Data provided:

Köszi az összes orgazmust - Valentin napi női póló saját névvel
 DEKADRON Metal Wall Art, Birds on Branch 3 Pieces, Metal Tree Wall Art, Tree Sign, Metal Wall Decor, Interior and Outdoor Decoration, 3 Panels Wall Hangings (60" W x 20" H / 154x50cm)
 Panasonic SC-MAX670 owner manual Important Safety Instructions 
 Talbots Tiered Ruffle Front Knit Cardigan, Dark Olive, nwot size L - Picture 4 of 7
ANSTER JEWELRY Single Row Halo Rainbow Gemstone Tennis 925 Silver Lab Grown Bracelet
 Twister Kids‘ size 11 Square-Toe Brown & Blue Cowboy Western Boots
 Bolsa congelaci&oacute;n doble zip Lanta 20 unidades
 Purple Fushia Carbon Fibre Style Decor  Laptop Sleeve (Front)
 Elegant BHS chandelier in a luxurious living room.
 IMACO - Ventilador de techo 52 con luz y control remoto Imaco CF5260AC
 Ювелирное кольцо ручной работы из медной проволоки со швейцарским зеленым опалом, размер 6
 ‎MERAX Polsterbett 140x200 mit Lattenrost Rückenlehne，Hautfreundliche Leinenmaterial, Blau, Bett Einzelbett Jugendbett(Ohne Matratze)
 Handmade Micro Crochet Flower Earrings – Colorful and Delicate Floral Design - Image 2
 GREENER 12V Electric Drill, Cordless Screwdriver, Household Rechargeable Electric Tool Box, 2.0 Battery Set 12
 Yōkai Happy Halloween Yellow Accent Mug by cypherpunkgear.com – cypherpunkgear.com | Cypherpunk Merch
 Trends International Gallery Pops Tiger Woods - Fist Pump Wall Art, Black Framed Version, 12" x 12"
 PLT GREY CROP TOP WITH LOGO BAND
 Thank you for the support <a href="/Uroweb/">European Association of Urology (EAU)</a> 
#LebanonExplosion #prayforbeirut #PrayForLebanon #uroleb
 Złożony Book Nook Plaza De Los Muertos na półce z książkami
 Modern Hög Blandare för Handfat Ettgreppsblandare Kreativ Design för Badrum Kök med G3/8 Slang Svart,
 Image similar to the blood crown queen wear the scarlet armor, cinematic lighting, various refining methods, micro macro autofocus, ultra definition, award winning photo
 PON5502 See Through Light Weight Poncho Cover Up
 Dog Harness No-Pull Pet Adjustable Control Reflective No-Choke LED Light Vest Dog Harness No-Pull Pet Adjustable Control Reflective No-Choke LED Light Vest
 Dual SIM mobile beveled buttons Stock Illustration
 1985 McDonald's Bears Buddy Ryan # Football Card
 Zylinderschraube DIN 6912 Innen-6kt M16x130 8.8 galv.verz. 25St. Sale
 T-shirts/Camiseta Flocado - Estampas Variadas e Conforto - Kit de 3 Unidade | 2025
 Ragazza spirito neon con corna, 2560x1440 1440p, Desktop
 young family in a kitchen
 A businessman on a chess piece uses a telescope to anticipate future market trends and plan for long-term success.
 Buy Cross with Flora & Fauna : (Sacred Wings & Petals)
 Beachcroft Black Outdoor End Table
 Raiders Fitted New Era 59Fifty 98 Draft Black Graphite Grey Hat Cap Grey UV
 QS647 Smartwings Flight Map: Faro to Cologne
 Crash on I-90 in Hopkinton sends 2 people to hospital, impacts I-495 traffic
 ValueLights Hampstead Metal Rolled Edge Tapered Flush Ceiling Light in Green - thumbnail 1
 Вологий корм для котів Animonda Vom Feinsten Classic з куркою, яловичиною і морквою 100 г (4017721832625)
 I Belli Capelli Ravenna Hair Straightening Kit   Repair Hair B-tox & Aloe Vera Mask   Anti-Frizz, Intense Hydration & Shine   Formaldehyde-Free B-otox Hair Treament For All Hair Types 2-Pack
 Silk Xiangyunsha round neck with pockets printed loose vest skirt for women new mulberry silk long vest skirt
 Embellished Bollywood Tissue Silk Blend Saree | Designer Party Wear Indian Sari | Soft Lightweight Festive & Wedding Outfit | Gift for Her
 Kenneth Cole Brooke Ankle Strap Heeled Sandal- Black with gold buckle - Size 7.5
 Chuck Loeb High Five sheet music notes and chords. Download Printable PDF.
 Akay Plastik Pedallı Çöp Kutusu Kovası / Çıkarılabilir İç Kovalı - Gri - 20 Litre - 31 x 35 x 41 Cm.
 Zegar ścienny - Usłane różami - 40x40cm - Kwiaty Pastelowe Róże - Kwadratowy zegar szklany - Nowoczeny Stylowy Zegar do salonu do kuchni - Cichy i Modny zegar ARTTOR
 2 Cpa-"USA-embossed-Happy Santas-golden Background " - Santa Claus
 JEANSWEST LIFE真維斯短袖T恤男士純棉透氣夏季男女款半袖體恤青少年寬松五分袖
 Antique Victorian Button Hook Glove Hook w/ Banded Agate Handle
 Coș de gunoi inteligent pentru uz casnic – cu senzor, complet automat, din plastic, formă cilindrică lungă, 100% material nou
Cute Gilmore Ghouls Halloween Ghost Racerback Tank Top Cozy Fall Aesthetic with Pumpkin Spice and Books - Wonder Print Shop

Task to carry out:
From the entries above, give again exactly the lines running from the line with "IMACO - Ventilador" to the line with "Handmade Micro Crochet"; include both of those lines.

Output below:
 IMACO - Ventilador de techo 52 con luz y control remoto Imaco CF5260AC
 Ювелирное кольцо ручной работы из медной проволоки со швейцарским зеленым опалом, размер 6
 ‎MERAX Polsterbett 140x200 mit Lattenrost Rückenlehne，Hautfreundliche Leinenmaterial, Blau, Bett Einzelbett Jugendbett(Ohne Matratze)
 Handmade Micro Crochet Flower Earrings – Colorful and Delicate Floral Design - Image 2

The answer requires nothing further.